Progress Away From LIBOR is Mostly Smooth, But 1 Area of Concern, Says New Report

WASHINGTON–Progress away from the once nearly ubiquitous LIBOR standard for setting rates, which is set to cease operations as of June 30, is “progressing smoothly,” according to a new report.

The same report added, however, that concerns remain over how syndicated loans might be affected by the transition.

According to the Alternative Reference Rate Committee (ARRC), which is sponsored by the Federal Reserve, momentum continues toward adoption of the alternative it created to the London Interbank Offered Rate (LIBOR)--the Secured Overnight Financing Rate (SOFR).

The move away from LIBOR, which was created by the British Bankers Association in 1986, followed years of discussion and is being made because it may no longer be relied upon to reflect current market conditions.
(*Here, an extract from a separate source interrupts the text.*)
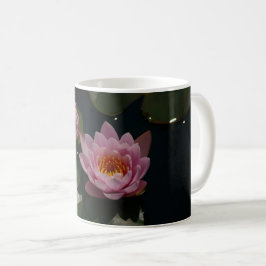 Taza De Café Lirios de agua rosados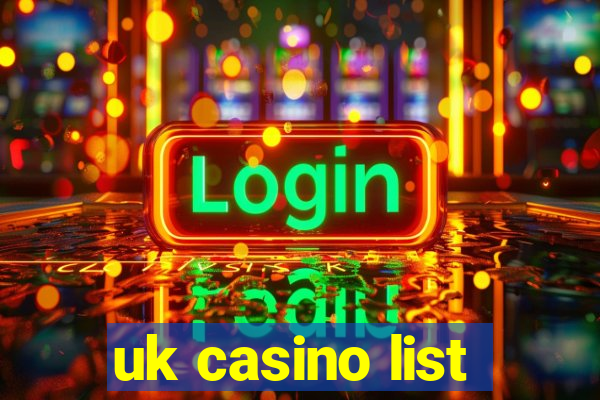 uk casino list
SOFR was developed as a market condition-reflective vehicle to be a long-term replacement for LIBOR.

Issue of Concern

The issue of concern, according to the ARRC, is that some financial products have been pegged to LIBOR for as long as 37 years, which has created a few challenging situations, including the need for efforts to “remediate syndicated loans to accelerate.”

Investors are being urged to “remediate LIBOR loans and ensure that borrowers and lenders are actively and cooperatively involved in doing so.”